▶ _Brief_:
Reproduce every line of the material, exactly as given.
*** Opening of Input data ***
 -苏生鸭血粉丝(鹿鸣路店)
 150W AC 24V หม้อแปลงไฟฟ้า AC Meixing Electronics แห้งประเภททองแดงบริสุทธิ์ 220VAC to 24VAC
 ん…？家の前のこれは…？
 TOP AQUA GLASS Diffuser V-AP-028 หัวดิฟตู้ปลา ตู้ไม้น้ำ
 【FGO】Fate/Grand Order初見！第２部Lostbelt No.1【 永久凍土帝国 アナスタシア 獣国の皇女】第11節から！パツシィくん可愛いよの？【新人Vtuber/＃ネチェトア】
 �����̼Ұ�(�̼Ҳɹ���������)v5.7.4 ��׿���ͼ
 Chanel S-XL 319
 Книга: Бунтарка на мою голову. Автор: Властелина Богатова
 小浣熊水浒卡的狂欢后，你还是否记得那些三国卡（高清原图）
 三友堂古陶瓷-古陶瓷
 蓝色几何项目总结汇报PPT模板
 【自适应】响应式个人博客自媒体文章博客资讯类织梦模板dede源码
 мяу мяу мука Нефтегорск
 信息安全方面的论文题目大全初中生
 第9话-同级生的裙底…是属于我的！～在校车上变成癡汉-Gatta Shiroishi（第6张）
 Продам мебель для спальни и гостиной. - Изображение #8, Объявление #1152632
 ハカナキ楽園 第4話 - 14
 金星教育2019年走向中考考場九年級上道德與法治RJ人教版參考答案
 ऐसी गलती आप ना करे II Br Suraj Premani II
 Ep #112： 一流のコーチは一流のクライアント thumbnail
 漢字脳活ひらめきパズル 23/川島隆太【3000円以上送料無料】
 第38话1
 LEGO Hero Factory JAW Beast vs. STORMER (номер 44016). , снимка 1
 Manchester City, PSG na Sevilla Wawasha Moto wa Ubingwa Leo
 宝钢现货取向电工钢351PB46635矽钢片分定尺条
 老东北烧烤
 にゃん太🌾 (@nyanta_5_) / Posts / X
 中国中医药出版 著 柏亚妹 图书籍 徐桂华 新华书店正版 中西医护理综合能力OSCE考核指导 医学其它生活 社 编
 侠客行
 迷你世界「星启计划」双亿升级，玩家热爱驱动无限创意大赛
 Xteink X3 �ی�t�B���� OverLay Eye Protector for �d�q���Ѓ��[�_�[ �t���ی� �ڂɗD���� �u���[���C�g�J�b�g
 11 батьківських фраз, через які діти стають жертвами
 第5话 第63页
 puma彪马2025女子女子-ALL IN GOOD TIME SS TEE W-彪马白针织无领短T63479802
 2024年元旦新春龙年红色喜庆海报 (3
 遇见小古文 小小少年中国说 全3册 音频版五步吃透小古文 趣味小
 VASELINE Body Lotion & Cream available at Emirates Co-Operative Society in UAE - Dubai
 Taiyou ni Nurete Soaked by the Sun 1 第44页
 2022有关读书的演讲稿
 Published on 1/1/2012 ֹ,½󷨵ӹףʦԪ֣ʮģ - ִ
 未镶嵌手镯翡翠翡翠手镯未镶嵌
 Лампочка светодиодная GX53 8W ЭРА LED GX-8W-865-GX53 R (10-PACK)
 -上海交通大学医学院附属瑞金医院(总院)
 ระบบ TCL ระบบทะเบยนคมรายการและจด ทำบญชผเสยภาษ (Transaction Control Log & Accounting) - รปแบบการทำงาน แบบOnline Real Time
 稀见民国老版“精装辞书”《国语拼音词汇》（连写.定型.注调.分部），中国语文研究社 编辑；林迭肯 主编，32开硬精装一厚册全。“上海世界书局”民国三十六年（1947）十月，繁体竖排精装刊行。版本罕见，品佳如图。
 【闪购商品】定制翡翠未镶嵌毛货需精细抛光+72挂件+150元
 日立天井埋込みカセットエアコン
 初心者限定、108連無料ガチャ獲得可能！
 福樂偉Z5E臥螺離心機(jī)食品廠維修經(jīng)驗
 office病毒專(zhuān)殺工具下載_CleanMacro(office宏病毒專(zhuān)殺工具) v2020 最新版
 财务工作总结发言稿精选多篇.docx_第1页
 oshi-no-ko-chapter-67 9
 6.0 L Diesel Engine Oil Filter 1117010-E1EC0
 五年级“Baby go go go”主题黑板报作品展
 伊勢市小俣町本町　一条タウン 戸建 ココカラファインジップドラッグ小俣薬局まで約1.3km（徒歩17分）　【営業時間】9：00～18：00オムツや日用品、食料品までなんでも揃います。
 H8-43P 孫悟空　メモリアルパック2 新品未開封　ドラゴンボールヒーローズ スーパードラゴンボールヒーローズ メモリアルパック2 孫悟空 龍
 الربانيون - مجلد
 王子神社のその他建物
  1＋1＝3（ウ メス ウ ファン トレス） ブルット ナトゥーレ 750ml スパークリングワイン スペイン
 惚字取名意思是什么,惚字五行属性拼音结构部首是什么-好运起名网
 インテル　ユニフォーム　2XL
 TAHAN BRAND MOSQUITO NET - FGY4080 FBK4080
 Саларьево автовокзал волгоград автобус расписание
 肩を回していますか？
*** Close of Input data ***
▶ _Reply to the task_:
 -苏生鸭血粉丝(鹿鸣路店)
 150W AC 24V หม้อแปลงไฟฟ้า AC Meixing Electronics แห้งประเภททองแดงบริสุทธิ์ 220VAC to 24VAC
 ん…？家の前のこれは…？
 TOP AQUA GLASS Diffuser V-AP-028 หัวดิฟตู้ปลา ตู้ไม้น้ำ
 【FGO】Fate/Grand Order初見！第２部Lostbelt No.1【 永久凍土帝国 アナスタシア 獣国の皇女】第11節から！パツシィくん可愛いよの？【新人Vtuber/＃ネチェトア】
 �����̼Ұ�(�̼Ҳɹ���������)v5.7.4 ��׿���ͼ
 Chanel S-XL 319
 Книга: Бунтарка на мою голову. Автор: Властелина Богатова
 小浣熊水浒卡的狂欢后，你还是否记得那些三国卡（高清原图）
 三友堂古陶瓷-古陶瓷
 蓝色几何项目总结汇报PPT模板
 【自适应】响应式个人博客自媒体文章博客资讯类织梦模板dede源码
 мяу мяу мука Нефтегорск
 信息安全方面的论文题目大全初中生
 第9话-同级生的裙底…是属于我的！～在校车上变成癡汉-Gatta Shiroishi（第6张）
 Продам мебель для спальни и гостиной. - Изображение #8, Объявление #1152632
 ハカナキ楽園 第4話 - 14
 金星教育2019年走向中考考場九年級上道德與法治RJ人教版參考答案
 ऐसी गलती आप ना करे II Br Suraj Premani II
 Ep #112： 一流のコーチは一流のクライアント thumbnail
 漢字脳活ひらめきパズル 23/川島隆太【3000円以上送料無料】
 第38话1
 LEGO Hero Factory JAW Beast vs. STORMER (номер 44016). , снимка 1
 Manchester City, PSG na Sevilla Wawasha Moto wa Ubingwa Leo
 宝钢现货取向电工钢351PB46635矽钢片分定尺条
 老东北烧烤
 にゃん太🌾 (@nyanta_5_) / Posts / X
 中国中医药出版 著 柏亚妹 图书籍 徐桂华 新华书店正版 中西医护理综合能力OSCE考核指导 医学其它生活 社 编
 侠客行
 迷你世界「星启计划」双亿升级，玩家热爱驱动无限创意大赛
 Xteink X3 �ی�t�B���� OverLay Eye Protector for �d�q���Ѓ��[�_�[ �t���ی� �ڂɗD���� �u���[���C�g�J�b�g
 11 батьківських фраз, через які діти стають жертвами
 第5话 第63页
 puma彪马2025女子女子-ALL IN GOOD TIME SS TEE W-彪马白针织无领短T63479802
 2024年元旦新春龙年红色喜庆海报 (3
 遇见小古文 小小少年中国说 全3册 音频版五步吃透小古文 趣味小
 VASELINE Body Lotion & Cream available at Emirates Co-Operative Society in UAE - Dubai
 Taiyou ni Nurete Soaked by the Sun 1 第44页
 2022有关读书的演讲稿
 Published on 1/1/2012 ֹ,½󷨵ӹףʦԪ֣ʮģ - ִ
 未镶嵌手镯翡翠翡翠手镯未镶嵌
 Лампочка светодиодная GX53 8W ЭРА LED GX-8W-865-GX53 R (10-PACK)
 -上海交通大学医学院附属瑞金医院(总院)
 ระบบ TCL ระบบทะเบยนคมรายการและจด ทำบญชผเสยภาษ (Transaction Control Log & Accounting) - รปแบบการทำงาน แบบOnline Real Time
 稀见民国老版“精装辞书”《国语拼音词汇》（连写.定型.注调.分部），中国语文研究社 编辑；林迭肯 主编，32开硬精装一厚册全。“上海世界书局”民国三十六年（1947）十月，繁体竖排精装刊行。版本罕见，品佳如图。
 【闪购商品】定制翡翠未镶嵌毛货需精细抛光+72挂件+150元
 日立天井埋込みカセットエアコン
 初心者限定、108連無料ガチャ獲得可能！
 福樂偉Z5E臥螺離心機(jī)食品廠維修經(jīng)驗
 office病毒專(zhuān)殺工具下載_CleanMacro(office宏病毒專(zhuān)殺工具) v2020 最新版
 财务工作总结发言稿精选多篇.docx_第1页
 oshi-no-ko-chapter-67 9
 6.0 L Diesel Engine Oil Filter 1117010-E1EC0
 五年级“Baby go go go”主题黑板报作品展
 伊勢市小俣町本町　一条タウン 戸建 ココカラファインジップドラッグ小俣薬局まで約1.3km（徒歩17分）　【営業時間】9：00～18：00オムツや日用品、食料品までなんでも揃います。
 H8-43P 孫悟空　メモリアルパック2 新品未開封　ドラゴンボールヒーローズ スーパードラゴンボールヒーローズ メモリアルパック2 孫悟空 龍
 الربانيون - مجلد
 王子神社のその他建物
  1＋1＝3（ウ メス ウ ファン トレス） ブルット ナトゥーレ 750ml スパークリングワイン スペイン
 惚字取名意思是什么,惚字五行属性拼音结构部首是什么-好运起名网
 インテル　ユニフォーム　2XL
 TAHAN BRAND MOSQUITO NET - FGY4080 FBK4080
 Саларьево автовокзал волгоград автобус расписание
 肩を回していますか？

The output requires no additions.